The invention relates to the use of fatty acid derivatives of sarcosine as a rubber additive in a silica-filled rubber composition.

Precipitated silica as a filler in rubber mixtures not only reduces the cost of these compounds, but also leads to an excellent reinforcing effect if they are chemically bonded to the polymer matrix.

In contrast to hydrophobic carbon blacks, which are used to a large extent to fill and reinforce compounds, silica is hydrophilic. The polymers used in the compounds, e.g. NR, BR, IIR, SBR, etc. are consistently more hydrophobic than silica and therefore do not build up any interactions with it. That is why silanes are used in rubber mixtures as a link between silica and the common polymers, which are sometimes referred to as "silane coupling agents" because they build up a covalent bond both to the silica and to the polymer, which ensures mutual contact.

These conditions cause considerable problems when processing precipitated silica. The uniform and finely dispersed distribution of the filler, which is necessary for a good property profile of the rubber mixture, is often not achieved. Attempts have therefore been made to reduce these difficulties by using more easily dispersible types of silica. Although these types of products enable improved dispersion, the agglomeration of the silica particles is not suppressed. Process-relevant properties, such as the consistency of the viscosity even over longer periods of time, a low viscosity during processing and short mixing times, are not adequately achieved in this way.

The use of silanes leads to a significant reduction in the mixture viscosity due to its surface-active and hydrophobic effect. But the "storage stability" of the viscosity, i.e. the consistency of the viscosity over a longer period of, for example, three to six weeks, is by no means optimal, since only part of the surface of the silica particles is covered with silanes and the silica particles tend to agglomerate further.

It is known that process auxiliaries, such as metal soaps and fatty acid esters, vicinal diols, glycerides and polygylcerides, lead to sharp reductions in the viscosity of compounds filled with silica. The various Struktol ^® types from the applicant are, for example, commercially available metal soaps and fatty acid esters.

Out EP 761 734 B1 Vicinal diols, including sorbitan monostearate and sorbitan monooleate and trimethylolpropane (TMP), are known which are used as viscosity-reducing process aids for vulcanizable rubber mixtures, in particular for the tread of a vehicle tire. However, it also emerges from this publication that the vicinal diols are more effective than zinc soaps in terms of their viscosity-reducing properties, but on the other hand they lead to significantly changed product properties, especially after a certain aging, which is caused by increased stress values at 100% - and 300% - Elongation noticeable. The property profile of these compounds does not remain constant for long enough, which has a particularly disadvantageous effect in tire manufacture, where reproducible and standardizable product properties are absolutely necessary for safety reasons.

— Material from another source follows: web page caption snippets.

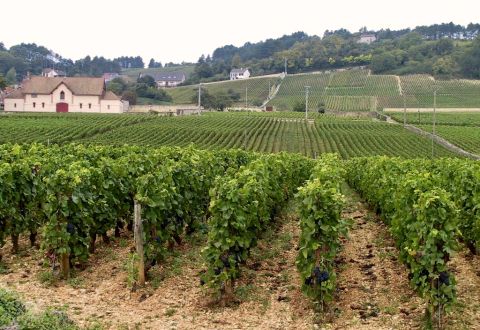 Brouillards vineyard in Volnay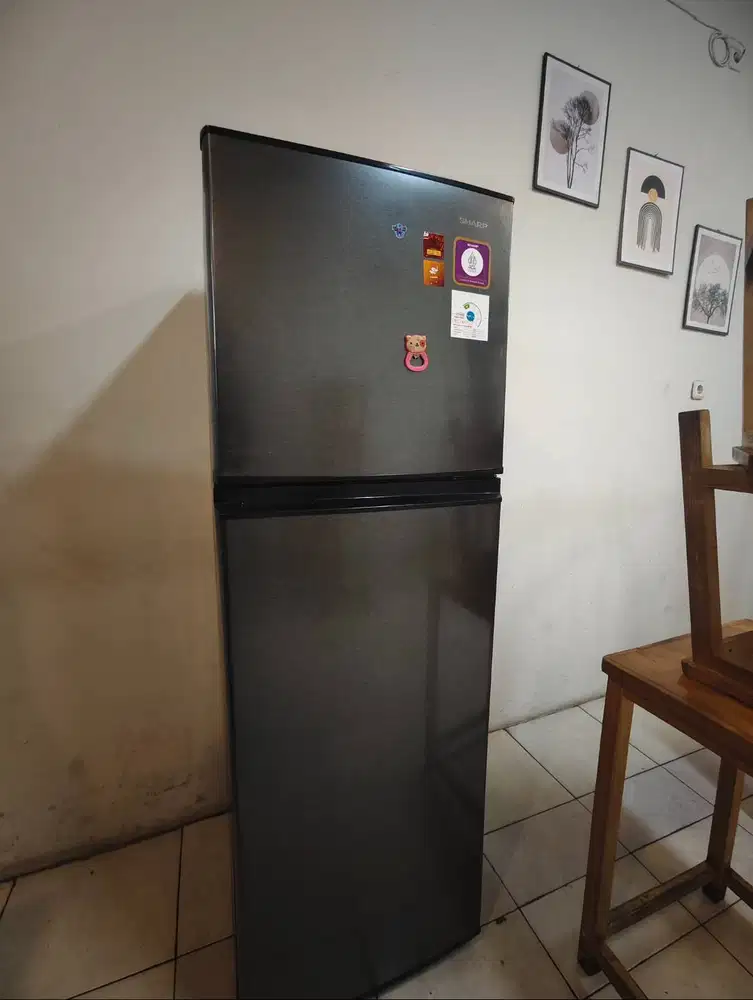 Kulkas Sharp 2 pintu 256 liter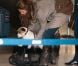 La princesse Madeleine et son Jack Russell nommé Zorro au départ des Etats-Unis, le 28 février 2012 à l'aéroport de Newark, destination la Suède, où elle doit découvrir sa nièce la princesse Estelle, née le 23 février.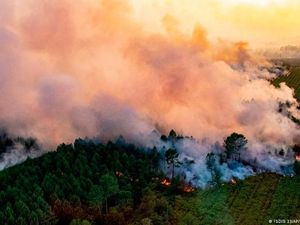 Kebakaran Hutan di Prancis-Spanyol Meluas, Ribuan Orang Dievakuasi Kebakaran Hutan di Prancis-Spanyol Meluas, Ribuan Orang Dievakuasi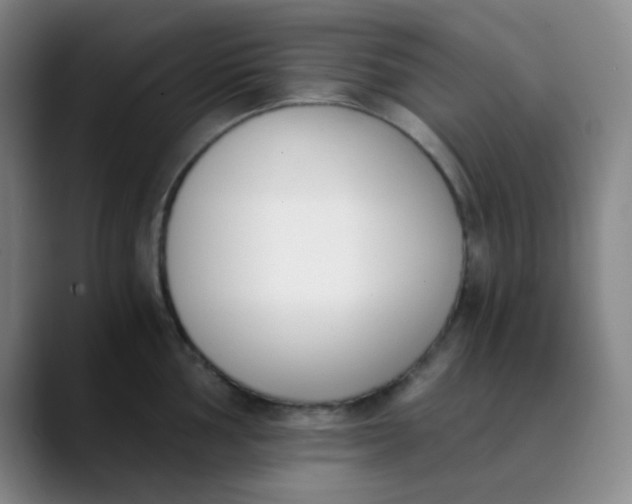 X0000089851002200707121714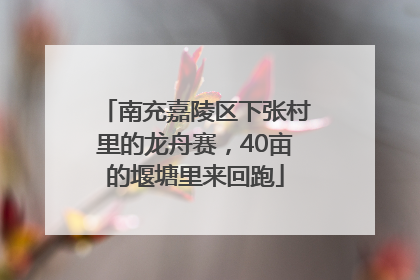 南充嘉陵区下张村里的龙舟赛，40亩的堰塘里来回跑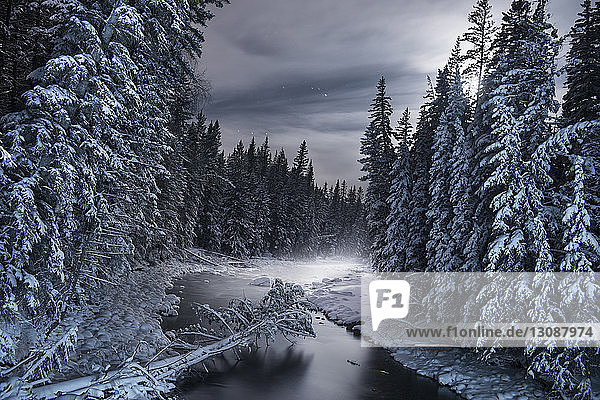 Scenic view of frozen river amidst snow covered trees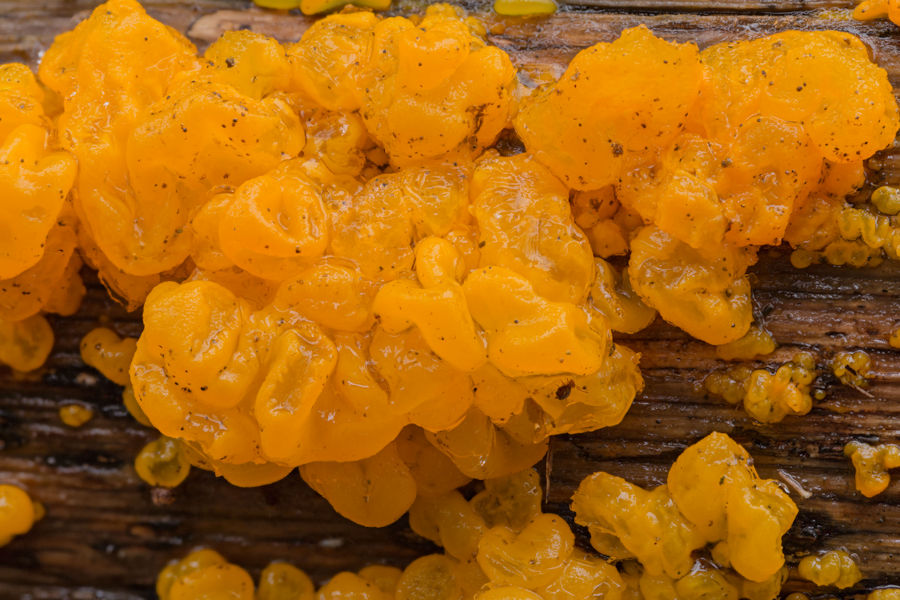 kleine Baumpilzchen Goldgelbe Zitterling stacking aus 8 Einzelfotos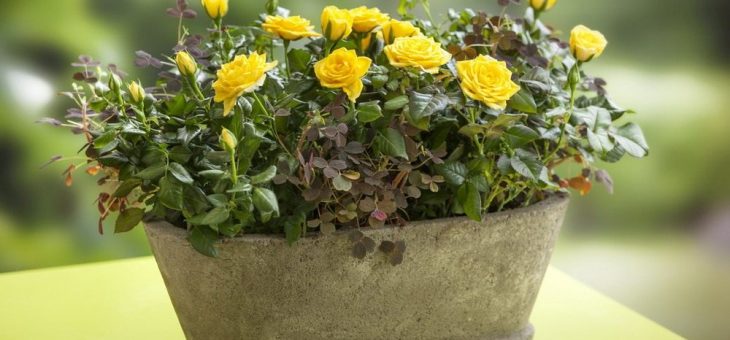 Большая домашняя роза уход в домашних условиях фото – как посадить, выращивать, пересаживать, уход в домашних условиях, сорта, как сохранить, если вянет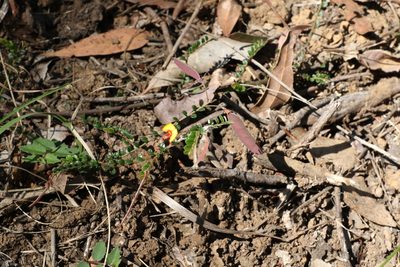 Bossiaea buxifolia, photographed by Greg Tasney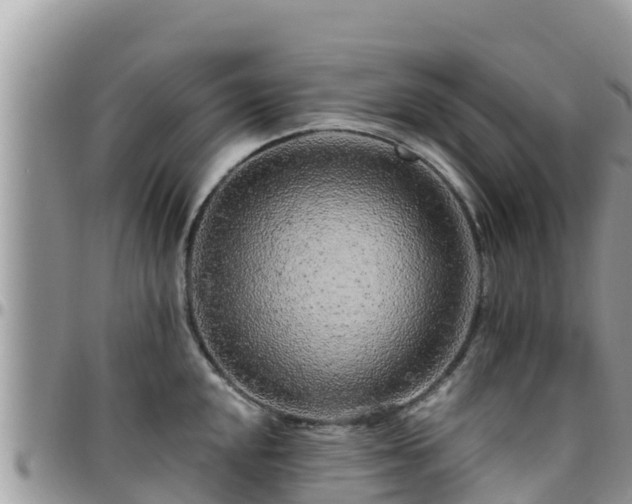 X0000095921048200801181413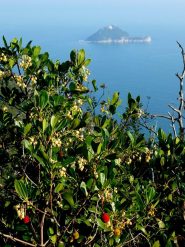 e la dietro Gallinara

The DE 36 43 007 A1 describes curable unsaturated polyester molding compositions which contain a mixture of an ethylenically unsaturated polyester and monomers copolymerizable with the polyester, as well as fibrous reinforcing agents, powdered fillers, organic radical initiators and viscosity depressants. The usual fine powder or granular fillers such as chalk, kaolin, quartz flour, dolomite, heavy spar, metal powder, aluminum oxide hydrate, cement, talc, diatomaceous earth, wood flour and wood chips are mentioned as fillers. Amino acids such as, for example, octanoyl sarcosine or stearoyl sarcosine are suitable as viscosity depressants.

The US 5,011,875 A describes a corrosion resistant, water swellable composition comprising 100 parts by weight of a material selected from rubber, thermoplastic resins and mixtures thereof, 10 to 20 parts by weight of a water absorbent material and 5 to 30 parts by weight of a corrosion inhibitor. In addition to a number of other substances, sarcosine and lauryl sarcosinate are mentioned as corrosion inhibitors.

From the US 2013/0135006 A1 Rubber compositions reinforced with silicon oxide are known in which the crosslinking of the elastomer with alkoxysilane and / or sulfur is controlled by using selected amino acids or a protein-based activator containing amino acids. Examples of amino acids include cysteine, cystine, glutamine and asparagine.

Investigations by the inventors have shown that the viscosity-lowering effect of vicinal diols immediately after the preparation of the rubber mixtures is equivalent to that of zinc soaps, but is considerably less after an aging time of the mixtures of four weeks; the viscosity of the mixtures is significantly higher after four weeks than immediately after their preparation. This is presumably due to the low binding force of the hydrogen bonds built up by vicinal diols. Since mixtures usually store up to 30 days after production until processing, this effect can lead to considerable problems both in further processing and in the vulcanized or hardened end products.

The invention is therefore based on the object of finding a process aid for silica-filled rubber compositions which has a high, aging-stable viscosity-reducing effect without changing product-relevant properties. In addition, maximum productivity of silica mixtures (silica mixtures) and high environmental compatibility are to be ensured.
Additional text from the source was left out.